Start of Block

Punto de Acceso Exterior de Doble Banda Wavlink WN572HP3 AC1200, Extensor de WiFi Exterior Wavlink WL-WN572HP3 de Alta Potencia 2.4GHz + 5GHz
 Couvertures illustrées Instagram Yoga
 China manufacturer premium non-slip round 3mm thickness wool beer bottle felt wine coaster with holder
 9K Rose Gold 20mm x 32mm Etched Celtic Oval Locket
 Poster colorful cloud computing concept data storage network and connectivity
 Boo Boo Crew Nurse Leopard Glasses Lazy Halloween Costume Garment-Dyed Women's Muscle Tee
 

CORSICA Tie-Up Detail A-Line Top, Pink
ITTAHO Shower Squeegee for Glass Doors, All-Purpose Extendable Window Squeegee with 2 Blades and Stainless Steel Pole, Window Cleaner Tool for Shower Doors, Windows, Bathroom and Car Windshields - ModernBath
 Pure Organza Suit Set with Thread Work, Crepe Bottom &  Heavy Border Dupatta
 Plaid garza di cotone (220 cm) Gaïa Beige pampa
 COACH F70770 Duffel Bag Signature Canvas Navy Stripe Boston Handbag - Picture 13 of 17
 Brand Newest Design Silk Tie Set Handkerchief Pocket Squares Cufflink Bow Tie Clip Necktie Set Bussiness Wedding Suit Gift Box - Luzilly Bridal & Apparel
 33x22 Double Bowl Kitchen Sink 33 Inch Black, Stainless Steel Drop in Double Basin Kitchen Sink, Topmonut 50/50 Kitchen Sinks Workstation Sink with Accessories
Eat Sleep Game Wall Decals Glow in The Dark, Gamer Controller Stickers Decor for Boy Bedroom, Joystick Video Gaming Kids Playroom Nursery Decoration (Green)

End of Block

* [What is needed]:
Within the data above, the lines from the one with "Plaid garza di" to the one with "Brand Newest Design" must be repeated exactly; no other line belongs in the answer.

* [Solution to the problem]:
 Plaid garza di cotone (220 cm) Gaïa Beige pampa
 COACH F70770 Duffel Bag Signature Canvas Navy Stripe Boston Handbag - Picture 13 of 17
 Brand Newest Design Silk Tie Set Handkerchief Pocket Squares Cufflink Bow Tie Clip Necktie Set Bussiness Wedding Suit Gift Box - Luzilly Bridal & Apparel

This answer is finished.